Source data
Segment Open
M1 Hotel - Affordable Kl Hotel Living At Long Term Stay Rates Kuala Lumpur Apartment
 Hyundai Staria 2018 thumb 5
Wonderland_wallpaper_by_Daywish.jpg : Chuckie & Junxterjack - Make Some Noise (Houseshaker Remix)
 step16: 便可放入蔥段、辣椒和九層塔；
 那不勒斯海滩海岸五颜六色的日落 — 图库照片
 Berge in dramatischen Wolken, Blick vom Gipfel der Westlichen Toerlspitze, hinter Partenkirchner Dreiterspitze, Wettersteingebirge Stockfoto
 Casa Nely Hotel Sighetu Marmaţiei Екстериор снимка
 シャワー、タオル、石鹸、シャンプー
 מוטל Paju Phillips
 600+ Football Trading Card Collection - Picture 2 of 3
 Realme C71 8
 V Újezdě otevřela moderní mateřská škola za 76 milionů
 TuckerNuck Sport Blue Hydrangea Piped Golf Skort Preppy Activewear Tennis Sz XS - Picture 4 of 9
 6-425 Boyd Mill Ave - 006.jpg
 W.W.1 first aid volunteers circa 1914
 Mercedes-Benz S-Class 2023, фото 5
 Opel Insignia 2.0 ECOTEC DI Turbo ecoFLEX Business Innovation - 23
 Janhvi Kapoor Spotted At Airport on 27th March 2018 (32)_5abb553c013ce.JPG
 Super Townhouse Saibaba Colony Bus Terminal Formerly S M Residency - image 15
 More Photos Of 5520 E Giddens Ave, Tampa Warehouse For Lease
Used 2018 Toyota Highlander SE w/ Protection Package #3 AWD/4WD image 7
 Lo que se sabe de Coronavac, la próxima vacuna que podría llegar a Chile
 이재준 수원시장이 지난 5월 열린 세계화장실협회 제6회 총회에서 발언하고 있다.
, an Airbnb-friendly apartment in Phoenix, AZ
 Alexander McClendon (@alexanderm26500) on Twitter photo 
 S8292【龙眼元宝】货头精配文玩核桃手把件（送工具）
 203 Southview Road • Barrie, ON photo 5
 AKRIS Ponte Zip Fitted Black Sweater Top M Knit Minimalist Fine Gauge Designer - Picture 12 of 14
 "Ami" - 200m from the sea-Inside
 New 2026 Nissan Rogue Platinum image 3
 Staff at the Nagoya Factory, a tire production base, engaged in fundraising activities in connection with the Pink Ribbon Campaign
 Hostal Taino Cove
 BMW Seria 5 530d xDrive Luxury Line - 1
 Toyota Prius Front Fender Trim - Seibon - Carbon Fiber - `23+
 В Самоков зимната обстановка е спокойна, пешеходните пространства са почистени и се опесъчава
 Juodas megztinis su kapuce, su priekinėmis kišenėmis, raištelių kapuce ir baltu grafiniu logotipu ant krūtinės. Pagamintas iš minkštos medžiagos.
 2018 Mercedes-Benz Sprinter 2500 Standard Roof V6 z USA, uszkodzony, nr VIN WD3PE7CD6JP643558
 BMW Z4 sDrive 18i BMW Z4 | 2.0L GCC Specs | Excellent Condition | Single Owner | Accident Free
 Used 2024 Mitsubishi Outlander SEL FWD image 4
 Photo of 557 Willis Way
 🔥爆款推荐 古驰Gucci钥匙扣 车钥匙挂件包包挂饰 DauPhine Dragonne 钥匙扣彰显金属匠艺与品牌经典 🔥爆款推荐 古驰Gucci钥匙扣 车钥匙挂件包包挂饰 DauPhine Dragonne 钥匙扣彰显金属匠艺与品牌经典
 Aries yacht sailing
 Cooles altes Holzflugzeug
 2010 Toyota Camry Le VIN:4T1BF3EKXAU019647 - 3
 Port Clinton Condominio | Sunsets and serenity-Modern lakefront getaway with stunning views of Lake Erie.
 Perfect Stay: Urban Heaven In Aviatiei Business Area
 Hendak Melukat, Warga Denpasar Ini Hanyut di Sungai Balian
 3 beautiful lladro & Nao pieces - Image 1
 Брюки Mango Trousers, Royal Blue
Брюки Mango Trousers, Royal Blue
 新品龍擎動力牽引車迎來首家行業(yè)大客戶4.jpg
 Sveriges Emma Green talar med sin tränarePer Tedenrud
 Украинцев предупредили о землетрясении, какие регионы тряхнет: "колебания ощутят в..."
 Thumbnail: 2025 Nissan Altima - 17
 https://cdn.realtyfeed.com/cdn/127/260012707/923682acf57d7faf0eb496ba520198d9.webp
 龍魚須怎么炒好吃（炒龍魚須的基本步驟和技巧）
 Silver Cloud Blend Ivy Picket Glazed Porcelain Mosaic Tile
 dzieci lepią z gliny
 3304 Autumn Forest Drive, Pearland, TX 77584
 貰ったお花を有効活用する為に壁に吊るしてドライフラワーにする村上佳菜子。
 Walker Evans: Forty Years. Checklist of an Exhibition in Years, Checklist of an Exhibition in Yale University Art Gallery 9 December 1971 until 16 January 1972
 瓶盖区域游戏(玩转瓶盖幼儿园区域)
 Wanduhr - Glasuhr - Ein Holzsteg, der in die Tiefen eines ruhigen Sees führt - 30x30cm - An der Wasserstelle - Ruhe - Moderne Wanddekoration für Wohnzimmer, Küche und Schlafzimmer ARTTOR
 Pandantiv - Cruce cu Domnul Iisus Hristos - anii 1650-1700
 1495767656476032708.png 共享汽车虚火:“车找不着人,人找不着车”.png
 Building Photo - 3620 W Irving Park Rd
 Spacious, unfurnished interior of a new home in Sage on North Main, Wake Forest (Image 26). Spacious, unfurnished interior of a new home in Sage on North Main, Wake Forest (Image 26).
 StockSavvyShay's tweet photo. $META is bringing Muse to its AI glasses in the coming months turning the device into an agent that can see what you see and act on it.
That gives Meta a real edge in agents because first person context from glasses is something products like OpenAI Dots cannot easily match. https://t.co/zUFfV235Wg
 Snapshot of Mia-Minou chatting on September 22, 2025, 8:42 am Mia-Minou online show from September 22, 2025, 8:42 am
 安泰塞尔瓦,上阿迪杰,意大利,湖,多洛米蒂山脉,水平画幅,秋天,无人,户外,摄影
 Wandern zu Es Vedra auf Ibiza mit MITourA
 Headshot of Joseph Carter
Segment Closed
From the very first line of the data through the line with "BMW Seria 5 530d xDrive Luxury Line - 1" in it, please reproduce each line exactly and output nothing more.

Solution to the exercise
M1 Hotel - Affordable Kl Hotel Living At Long Term Stay Rates Kuala Lumpur Apartment
 Hyundai Staria 2018 thumb 5
Wonderland_wallpaper_by_Daywish.jpg : Chuckie & Junxterjack - Make Some Noise (Houseshaker Remix)
 step16: 便可放入蔥段、辣椒和九層塔；
 那不勒斯海滩海岸五颜六色的日落 — 图库照片
 Berge in dramatischen Wolken, Blick vom Gipfel der Westlichen Toerlspitze, hinter Partenkirchner Dreiterspitze, Wettersteingebirge Stockfoto
 Casa Nely Hotel Sighetu Marmaţiei Екстериор снимка
 シャワー、タオル、石鹸、シャンプー
 מוטל Paju Phillips
 600+ Football Trading Card Collection - Picture 2 of 3
 Realme C71 8
 V Újezdě otevřela moderní mateřská škola za 76 milionů
 TuckerNuck Sport Blue Hydrangea Piped Golf Skort Preppy Activewear Tennis Sz XS - Picture 4 of 9
 6-425 Boyd Mill Ave - 006.jpg
 W.W.1 first aid volunteers circa 1914
 Mercedes-Benz S-Class 2023, фото 5
 Opel Insignia 2.0 ECOTEC DI Turbo ecoFLEX Business Innovation - 23
 Janhvi Kapoor Spotted At Airport on 27th March 2018 (32)_5abb553c013ce.JPG
 Super Townhouse Saibaba Colony Bus Terminal Formerly S M Residency - image 15
 More Photos Of 5520 E Giddens Ave, Tampa Warehouse For Lease
Used 2018 Toyota Highlander SE w/ Protection Package #3 AWD/4WD image 7
 Lo que se sabe de Coronavac, la próxima vacuna que podría llegar a Chile
 이재준 수원시장이 지난 5월 열린 세계화장실협회 제6회 총회에서 발언하고 있다.
, an Airbnb-friendly apartment in Phoenix, AZ
 Alexander McClendon (@alexanderm26500) on Twitter photo 
 S8292【龙眼元宝】货头精配文玩核桃手把件（送工具）
 203 Southview Road • Barrie, ON photo 5
 AKRIS Ponte Zip Fitted Black Sweater Top M Knit Minimalist Fine Gauge Designer - Picture 12 of 14
 "Ami" - 200m from the sea-Inside
 New 2026 Nissan Rogue Platinum image 3
 Staff at the Nagoya Factory, a tire production base, engaged in fundraising activities in connection with the Pink Ribbon Campaign
 Hostal Taino Cove
 BMW Seria 5 530d xDrive Luxury Line - 1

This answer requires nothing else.